[Start of Attachment]

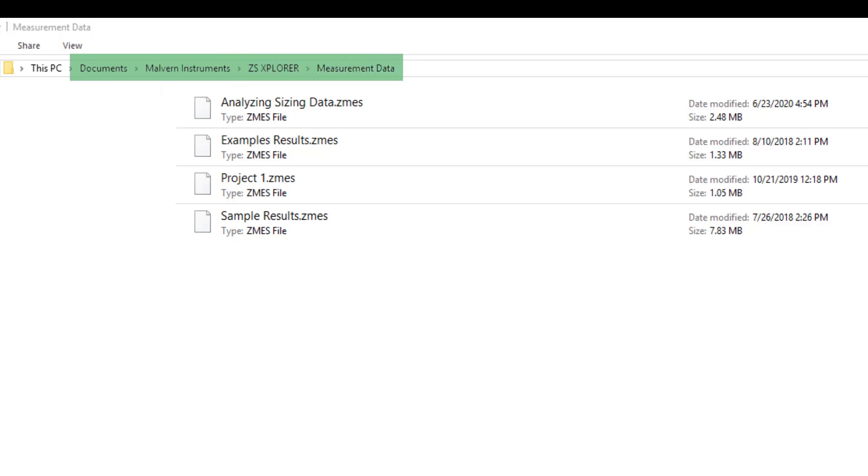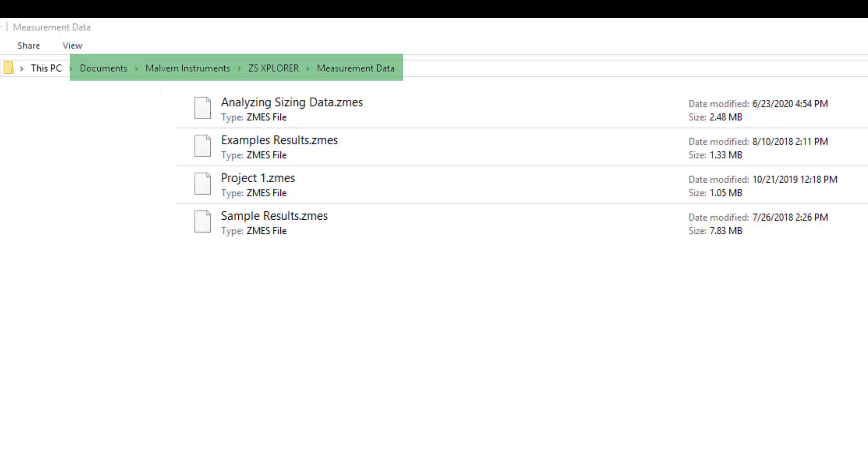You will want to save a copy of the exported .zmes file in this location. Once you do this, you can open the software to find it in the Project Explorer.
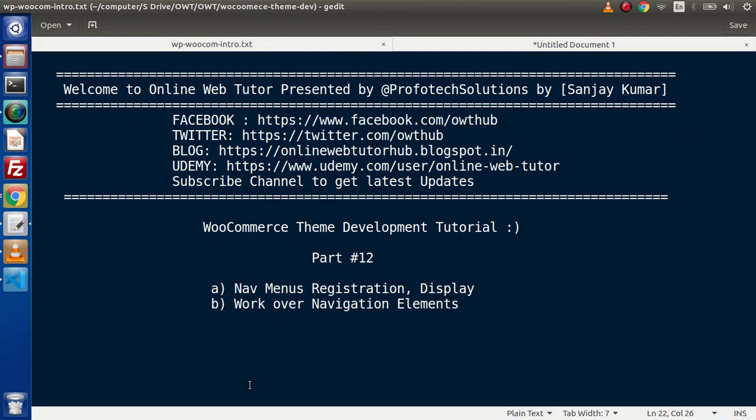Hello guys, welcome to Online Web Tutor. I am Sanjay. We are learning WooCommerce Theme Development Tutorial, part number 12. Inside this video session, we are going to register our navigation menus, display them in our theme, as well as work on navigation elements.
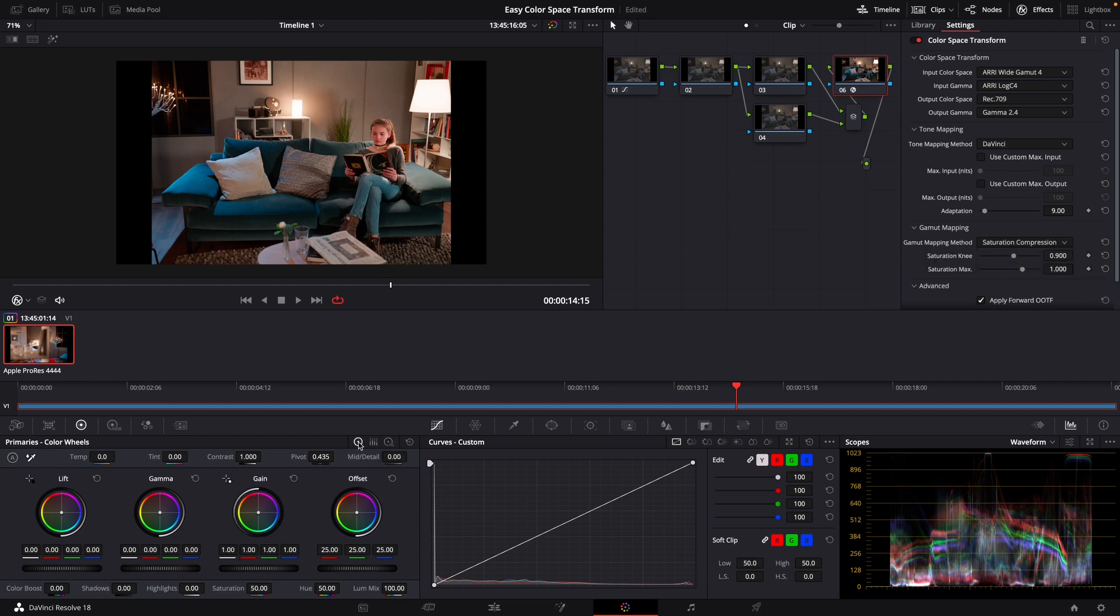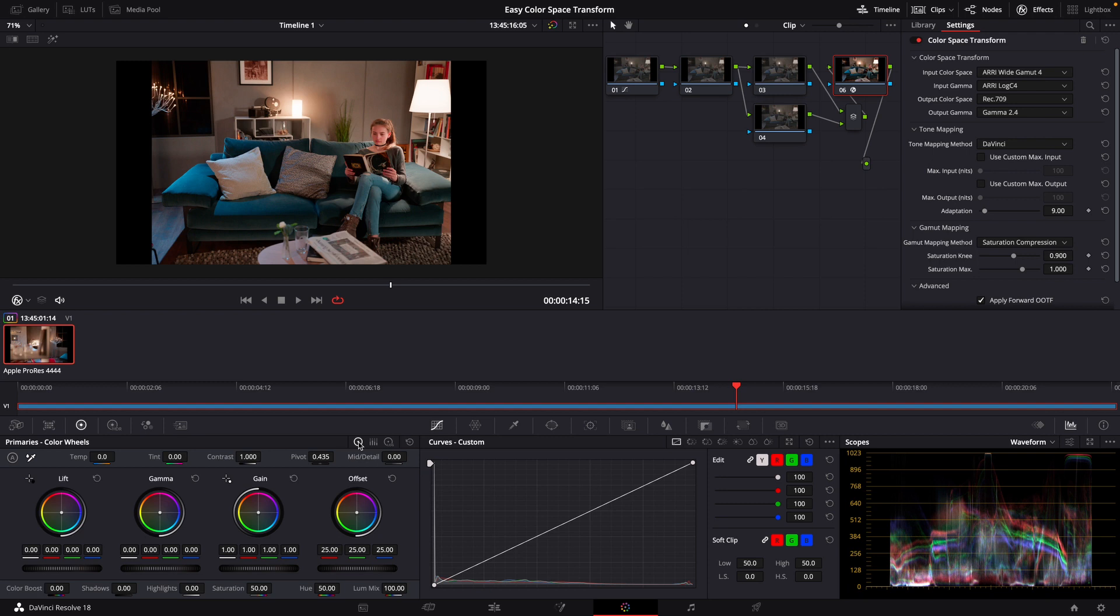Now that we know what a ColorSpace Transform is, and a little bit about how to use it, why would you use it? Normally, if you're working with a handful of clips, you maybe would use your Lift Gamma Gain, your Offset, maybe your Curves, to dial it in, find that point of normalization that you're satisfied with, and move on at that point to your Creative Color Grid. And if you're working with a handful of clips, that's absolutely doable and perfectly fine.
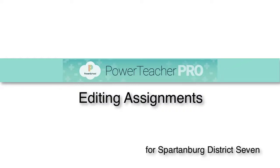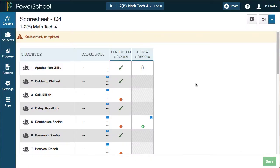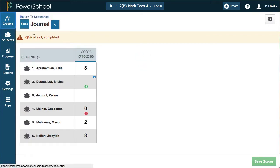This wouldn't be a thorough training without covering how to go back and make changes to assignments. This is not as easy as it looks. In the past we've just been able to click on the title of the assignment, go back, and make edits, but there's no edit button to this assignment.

[End of Attachment]
[Start of Attachment]

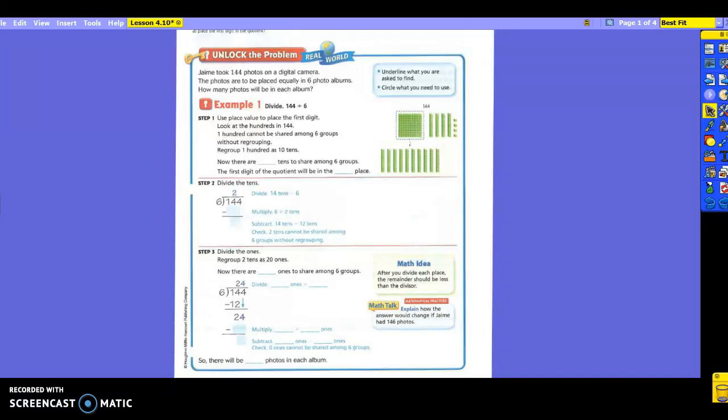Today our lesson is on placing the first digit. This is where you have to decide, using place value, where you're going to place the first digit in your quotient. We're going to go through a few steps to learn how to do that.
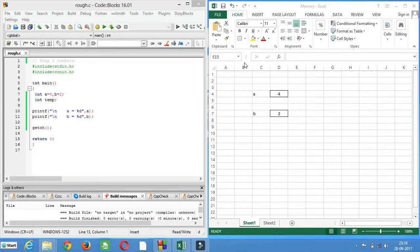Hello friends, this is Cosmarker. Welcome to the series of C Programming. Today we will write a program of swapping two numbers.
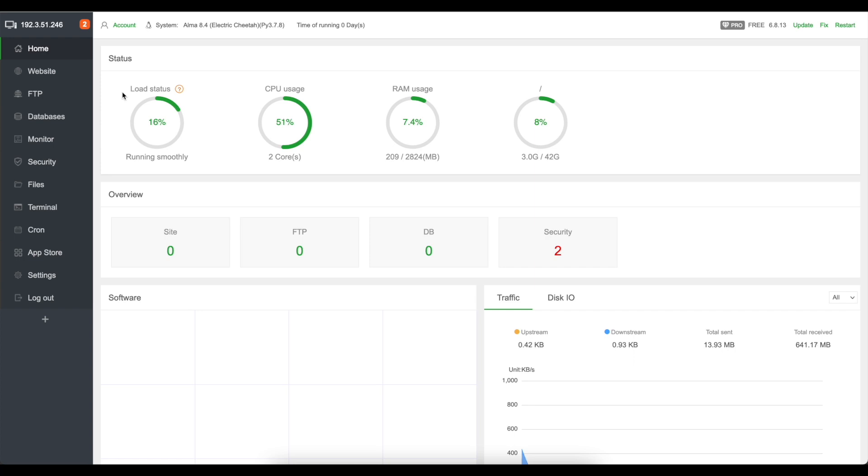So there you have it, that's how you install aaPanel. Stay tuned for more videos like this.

[End of Attachment]
[Start of Attachment]

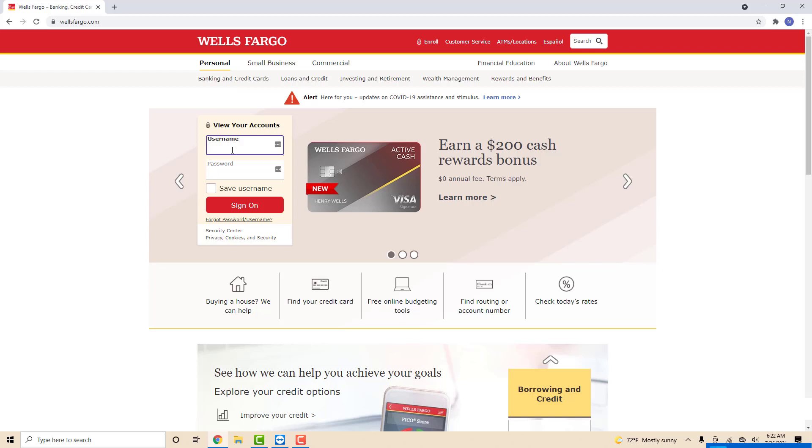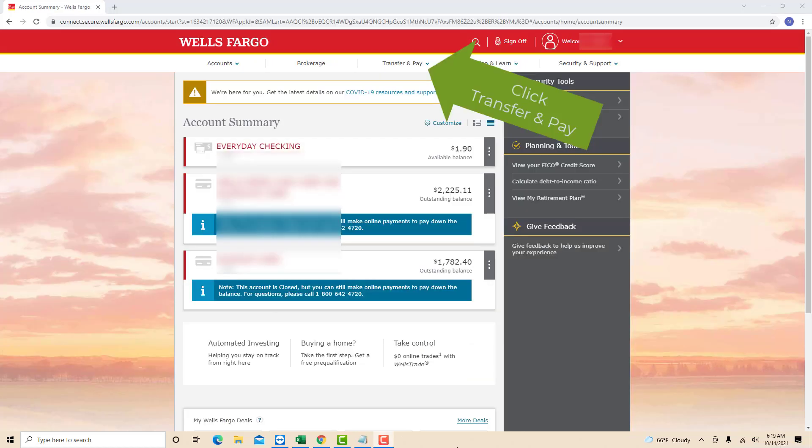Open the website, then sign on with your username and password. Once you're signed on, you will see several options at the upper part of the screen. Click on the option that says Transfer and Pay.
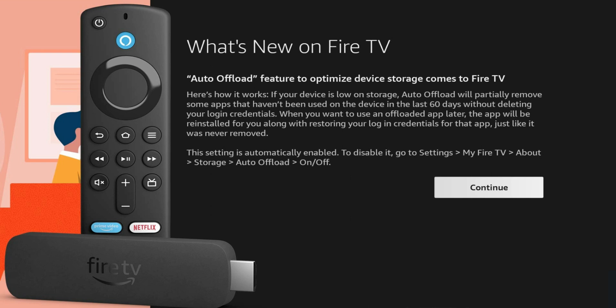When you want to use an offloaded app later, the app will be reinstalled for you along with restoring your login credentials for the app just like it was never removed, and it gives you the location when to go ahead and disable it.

[End of Attachment]

Reproduce the records above exactly, but only from the line with "Hello guys, welcome" up to and including the line with "This wouldn't be". Leave the pictures out.

Hello guys, welcome to Online Web Tutor. I am Sanjay. We are learning WooCommerce Theme Development Tutorial, part number 12. Inside this video session, we are going to register our navigation menus, display them in our theme, as well as work on navigation elements.
Now that we know what a ColorSpace Transform is, and a little bit about how to use it, why would you use it? Normally, if you're working with a handful of clips, you maybe would use your Lift Gamma Gain, your Offset, maybe your Curves, to dial it in, find that point of normalization that you're satisfied with, and move on at that point to your Creative Color Grid. And if you're working with a handful of clips, that's absolutely doable and perfectly fine.
This wouldn't be a thorough training without covering how to go back and make changes to assignments. This is not as easy as it looks. In the past we've just been able to click on the title of the assignment, go back, and make edits, but there's no edit button to this assignment.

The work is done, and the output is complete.